L'article R. 145-35 du Code de commerce issu du décret du 4 novembre 2014 prévoit désormais que ne peuvent être imputées au locataire : 

  • Les grosses réparations issues de l’article 606 du Code civil (exemple : ravalement de façade). 

  • Les dépenses liées à la vétusté : il s’agit de la vétusté liée aux grosses réparations (exemple : ravalement de façade). La vétusté liée au manque d’entretien du local reste à la charge du locataire (le bailleur devra procéder à un état des travaux).

  • Les impôts, taxes et redevances dont le bailleur est redevable. 

  • Les honoraires liées à la gestion du local. 

  • Le coût des locaux vacants ou liés aux autres locataires.

Désormais le bailleur ne pourra plus s’exonérer des grosses réparations tirées de l’article 606 du Code civil en les déléguant à son locataire, ce droit ne peut être retiré au preneur. Ces dispositions sont d’ordre public. Cette réforme s’est voulue plus protectrice à l'égard des locataires leur permettant d’échapper à des dépenses supplémentaires qui pouvaient s’avérer très importantes.

L’exception : la résidence senior, résidence étudiante et résidence de tourisme

À noter : dans le cadre de l’achat d’une résidence étudiante, de tourisme ou une résidence Ehpad, les grosses réparations, la répartition des réparations n’est pas la même. Le propriétaire peut ne pas être tenu aux grosses réparations de l’article 606 du Code civil. C’est l’exploitant de la résidence qui pourra supporter ce type de réparations. L’investissement dans ce type de résidence peut pour ces raisons représenter un certain avantage. Qu’il s’agisse d’une résidence senior, résidence de tourisme ou résidence étudiante il faudra penser à vérifier que le contrat d’exploitation comporte une clause prévoyant l’imputation de ces charges à l’exploitant pour vous assurer la pérennité de votre investissement. 
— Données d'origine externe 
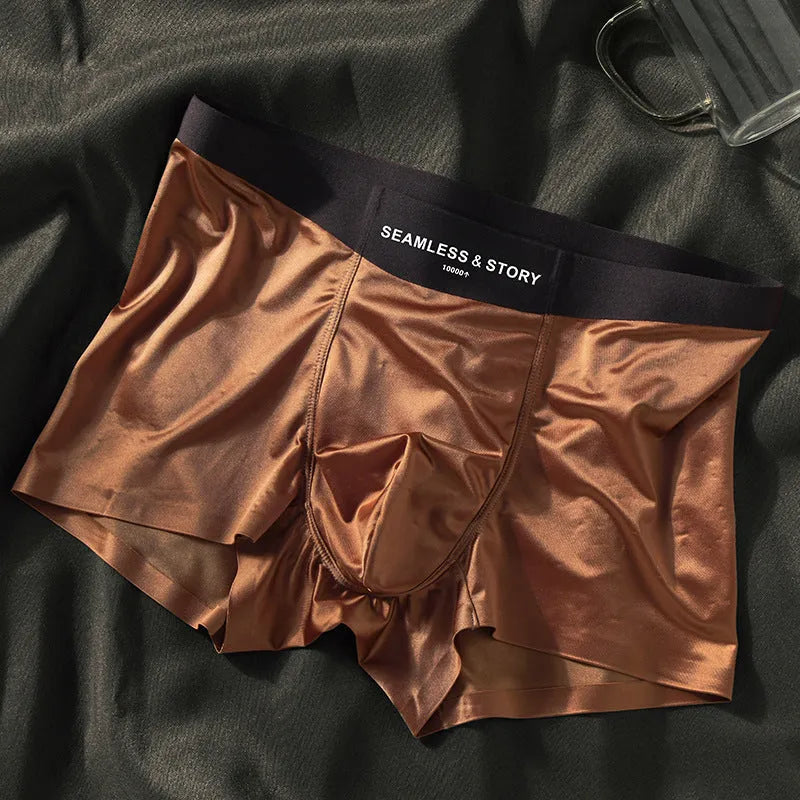 Men's ice silk nylon underwear in mid waist traceless sport design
Remarque : Que vous soyez en charge d’une entreprise qui exploite une activité commerciale ou un bailleur, vous avez le droit de faire appel à un avocat pour vous accompagner dans toutes vos démarches relatives à votre contrat de location commerciale. Cet accompagnement vous permettra d’obtenir un véritable conseil personnalisé et des informations sur l’état du droit applicable en matière d’immobilier commercial. L’avocat permettra d’optimiser votre situation en vous conseillant sur les meilleures stratégies à adopter en tant que bailleur ou locataire.  En tant que preneur l’avocat pourra vous aider dans la recherche d’un local commercial mais également dans la rédaction du bail. En cas de conflit avec le bailleur il pourra également vous conseiller sur les actions à mener en matière de droit immobilier. 
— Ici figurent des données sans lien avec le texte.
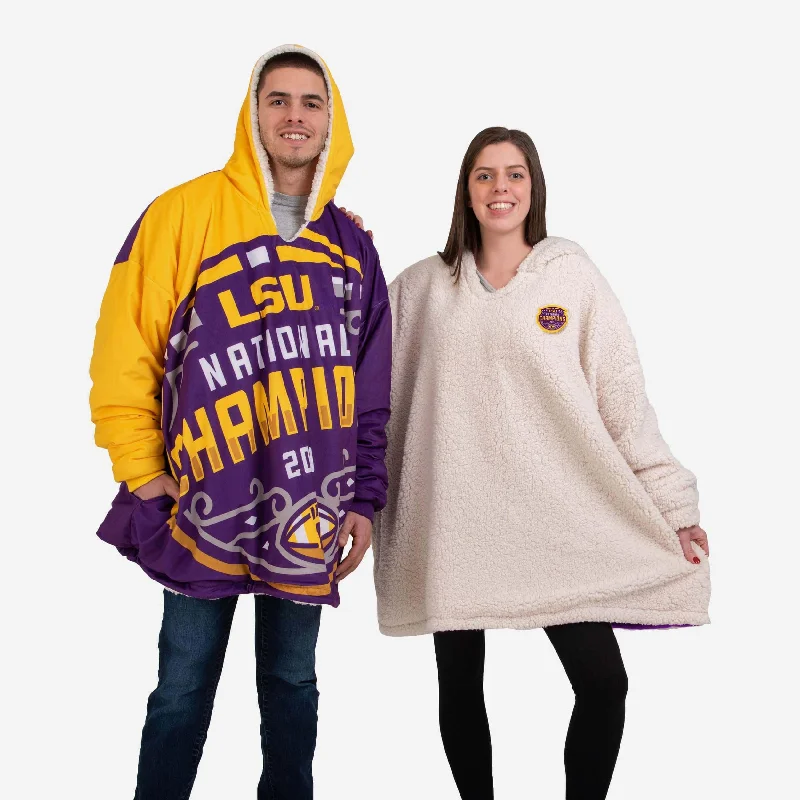 LSU Tigers 2019 Football National Champions Reversible Colorblock Hoodeez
Il pourra notamment participer à la rédaction de votre contrat de location mais également être présent en cas de conflit. Il pourra vous assister ou vous représenter selon les contentieux devant le tribunal compétent ou la Cour compétente. Les baux commerciaux nécessitent de plus en plus un accompagnement juridique dans la mesure où la législation applicable se complexifie.

Ce qu’il faut retenir de l’article 606 du Code civil

Le bail commercial est soumis au statut des baux commerciaux des articles L. 145-1 et suivants du code de commerce qui encadre les relations entre bailleur et locataire tout en laissant une certaine marge de manœuvre aux parties. 

D’autres dispositions prévues dans le Code civil viennent encadrer cette relation notamment en matière de charge des réparations dans le bail commercial. Par principe, le bailleur est tenu aux grosses réparations définies à l’article 606 du Code civil (exemple : ravalement de façade). 

Depuis l’entrée en vigueur de la loi Pinel, certaines réparations ne peuvent plus être imputées au locataire. Le locataire reste quant à lui toujours soumis aux réparations dites d’entretien. Les réparations afférentes à un l’immeuble sont prévues au travers de clauses dans le contrat de bail commercial. Une description détaillée de la répartition des réparations permettra de sécuriser les relations entre bailleur et preneur et d’éviter au maximum les conflits liés à votre bail commercial.